Les nouveaux arrivants au Parlement serbe n’apportent rien de nouveau à la politique serbe. Un de ces nouveaux venus est le nationaliste et d’extrême-droite Parti radical serbe (SRS), dirigé par Vojislav Šešelj, bien connu pour sa rhétorique chauvine et belliciste. Une autre nouvelle entité au Parlement est la coalition conservatrice composée du Parti conservateur démocratique de Serbie (DPS) et du Mouvement serbe d’extrême-droite « Dveri ». L’ancien chef du DPS était Vojislav Koštunica, devenu président de la Yougoslavie après la chute de Slobodan Milošević lors du « Renversement du 5 octobre » en 2000, et le parti est désormais dirigé par Sanda Rašković Ivić, souvent étiqueté comme l’équivalent serbe de Marine Le Pen. « Dveri » peut être défini comme un parti proto-fasciste ayant des liens étroits avec l’Eglise orthodoxe serbe.
Le troisième nouveau groupe parlementaire, « Dosta je bilo » (DJB), s’insère tout à fait bien dans ce paysage nationaliste. DJB, qui se traduit par « ça suffit », est dirigé par Saša Radulović, ancien syndic de faillite et ministre de l’Economie dans le gouvernement Vucic. Radulović a démissionné du gouvernement en 2014 après avoir tenté de proposer une nouvelle loi du travail sur la base des principes néolibéraux radicaux. Ce droit du travail, avec des modifications mineures, a été introduit plus tard en 2014. Après sa démission, Radulović a commencé à construire une organisation politique selon un programme néolibéral et en insistant sur la corruption dans le gouvernement Vucic.
Partis Pro-russes / partis pro-UE
Nous pouvons donc affirmer que ces « nouveaux venus » ne sont pas du tout nouveaux. Le paysage parlementaire continue de chercher plus ou moins les mêmes, les mêmes visages surgissant encore et toujours au cours des 25 dernières années. La privatisation, la dégradation des droits des travailleurs et la transformation néolibérale ont marqué les politiques de chaque gouvernement formé à ce jour. La seule différence apparente entre les partis politiques en Serbie est de savoir s’ils sont pro-russes ou pro-UE. Toutefois, cela ne semble pas être d’une grande importance non plus ; SNS, le parti au pouvoir, a des membres des deux bords. Le Premier ministre Vučić défend une position plus pro-UE, alors que l’ancien président du SNS Tomislav Nicolic, maintenant président de la Serbie, mène la ligne pro-russe du parti.

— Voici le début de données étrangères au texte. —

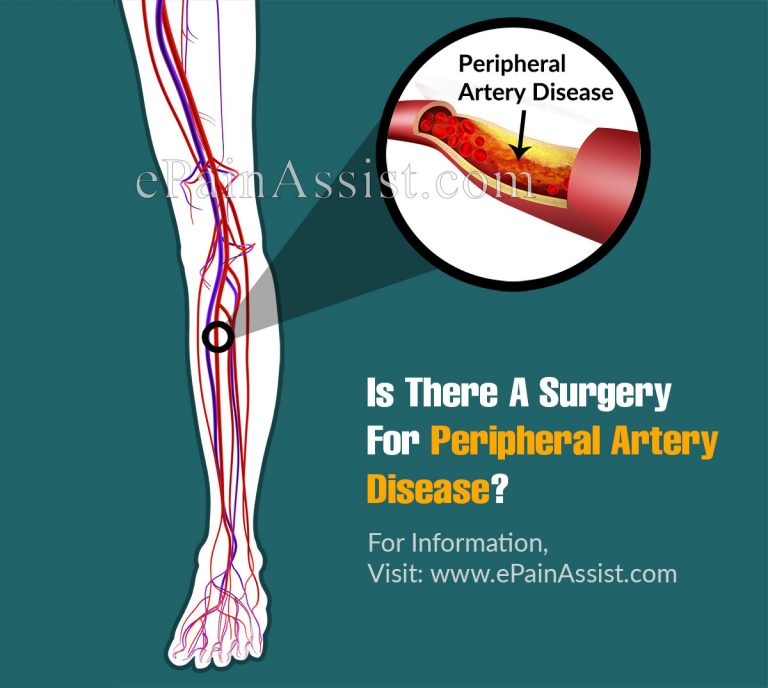 Is There A Surgery For Peripheral Artery Disease & Life Expectancy Of Someone With It?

Comme SNS va former un nouveau gouvernement, l’avenir évident de la société serbe est la continuation des politiques néolibérales, qui au cours des dernières années ont conduit à la réduction des salaires et des pensions du secteur public, à la privatisation des entreprises publiques et des ressources naturelles, ainsi qu’à une nouvelle détérioration des droits des travailleurs. Le mantra de la dernière décennie et demie est que nous avons besoin d’un meilleur « climat pour les affaires », ce qui signifie en pratique plus de subventions pour les investisseurs étrangers.
Espoir d’une alternative de gauche
Les votes montrent que les gens croient encore à l’avenir radieux que Vučić promet tout proche, dès que « les réformes » auront été mises en œuvre. Le seul problème est que ces « réformes » ne finissent jamais. La montée de la droite radicale est synonyme de montée de difficultés pour la population. Le problème est que, parmi ces partis, il n’y a pas d’option gauche qui pourrait s’appuyer sur ces évolutions et proposer une alternative à l’état actuel des choses. Mais, si l’on regarde au-delà de la politique des partis, on peut voir émerger différents mouvements. Espérons qu’une alternative radicale de gauche émerge avec eux.